- _The problem_
Please determine the number of lines in the material below that contain the word "Wall", and state it alone.

★ ★ ★

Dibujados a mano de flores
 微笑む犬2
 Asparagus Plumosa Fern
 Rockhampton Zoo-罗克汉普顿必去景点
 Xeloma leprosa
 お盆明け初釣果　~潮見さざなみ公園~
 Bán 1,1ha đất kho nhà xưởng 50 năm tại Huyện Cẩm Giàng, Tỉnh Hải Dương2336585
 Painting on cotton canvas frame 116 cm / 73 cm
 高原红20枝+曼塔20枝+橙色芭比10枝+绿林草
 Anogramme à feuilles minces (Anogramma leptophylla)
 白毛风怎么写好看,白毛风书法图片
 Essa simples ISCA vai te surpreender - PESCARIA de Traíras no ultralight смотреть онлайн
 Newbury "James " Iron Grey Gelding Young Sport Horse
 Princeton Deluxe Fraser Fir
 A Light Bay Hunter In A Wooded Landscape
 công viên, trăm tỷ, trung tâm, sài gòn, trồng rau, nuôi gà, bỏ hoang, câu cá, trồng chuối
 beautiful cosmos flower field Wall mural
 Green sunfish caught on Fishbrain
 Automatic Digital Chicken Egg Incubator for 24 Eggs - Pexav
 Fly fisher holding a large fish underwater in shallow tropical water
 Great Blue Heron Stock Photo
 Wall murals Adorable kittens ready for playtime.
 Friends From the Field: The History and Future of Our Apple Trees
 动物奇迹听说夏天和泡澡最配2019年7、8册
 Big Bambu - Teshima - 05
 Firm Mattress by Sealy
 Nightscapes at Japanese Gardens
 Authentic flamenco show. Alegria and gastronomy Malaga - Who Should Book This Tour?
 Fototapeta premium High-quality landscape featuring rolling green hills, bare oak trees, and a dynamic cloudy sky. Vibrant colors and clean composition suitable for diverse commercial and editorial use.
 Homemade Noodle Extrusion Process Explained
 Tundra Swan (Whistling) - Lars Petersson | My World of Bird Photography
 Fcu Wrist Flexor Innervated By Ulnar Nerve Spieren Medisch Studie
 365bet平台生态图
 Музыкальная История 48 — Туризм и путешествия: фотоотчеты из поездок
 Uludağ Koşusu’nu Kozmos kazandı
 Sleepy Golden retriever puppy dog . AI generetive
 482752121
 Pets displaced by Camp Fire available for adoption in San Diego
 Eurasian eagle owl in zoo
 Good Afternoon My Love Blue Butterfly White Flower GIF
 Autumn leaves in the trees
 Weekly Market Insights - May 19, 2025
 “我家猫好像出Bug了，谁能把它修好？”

★ ★ ★

- _Reply to the exercise_
2